Social networks turned me into a full-time entertainer and entertained person. They managed to detach me from the real world, keeping me busy thinking about how to entertain people or starving to stay up to date because boredom became uncomfortable. This led to peaks of anxiety that I had never experienced before, and a lack of joy for things that used to be enjoyable because I started doing them just to talk about them. I tried to escape this many times, but I always fall back, like addicts experience with drugs. I became addicted to those dynamics.

The thing is that I’m aware that this is unhealthy. I don’t like it. But there’s this idea that I’ve built a brand, either mine or Tuist‘s, that would fade if I’m not active where everyone is. It’s a bit nonsensical, because we have no control on those platforms over how we are presented. Perhaps a brand might even deteriorate there because you might end up morphing it into a meme-posting machinery, but still, that thought is recurrent, and I believe it is the trigger that brings me back, along with the idea that people are talking about the new thing. So what? 5 new vibe coding tools, an add-AI-to-x tools, and a couple of new JS frameworks… Again, so what? I don’t want to sound cynical. I like tech, but a big part of the industry is hype cycles, because the tech industry is technology embedded in capitalism, and therefore it needs to reinvent itself. Today you are generating Ghibli Studio images, and tomorrow you’ll be generating your TikTok dances, the day after you’ll be an expert in the process of electing the new Pope, and in two weeks you’ll show your expertise in power outages in Spain.

I’m happy we decided this is not the game we want to play with Tuist. It’s stressful, tiring, and takes the focus away from the joy of the craft, which is what we love doing. It feels uncomfortable at times.
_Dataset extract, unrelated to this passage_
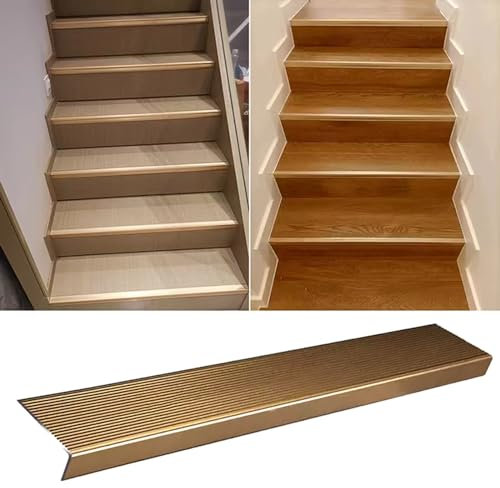 Gold Stair Nose Edging 4 3 2 1 In Wide, Aluminum 5 Pack Laminate Flooring Stair Nosing, Heavy Duty Waterproof Non-Slip Step Edge Trim Strips for Indoor & Outdoor ( Color : W 2 7/10 in(70mm) , Size : 7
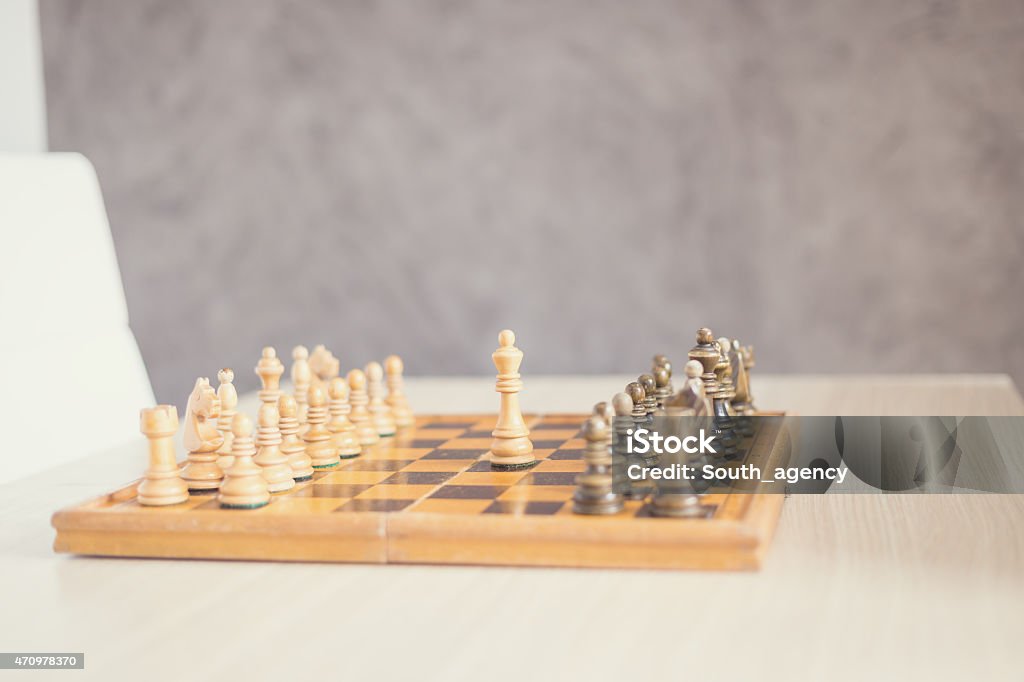 Alone against everyone Alone against everyone, king in chess 2015 Stock Photo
Should we be doing like the others? But at the end of the day, we don’t control those algorithms. They are controlling us and making us part of the exploiting machinery, ensuring there’s stuff we can feed people with. We are placing a focus on our blog. Writing from the passion for what we love, and going deep into those topics. Embracing standards such that people can pull the content when and how they feel. If we are present on any social platform, we try to be on the ones that we think haven’t “enshittified” yet.

I’m trying again. I want to be present. I want to remain mentally healthy. I want to shift the focus from the telling to the doing. I don’t want to feel like a zombie hamster starving for “new” stuff, or feeling I have to contribute to keep other hamsters fed too.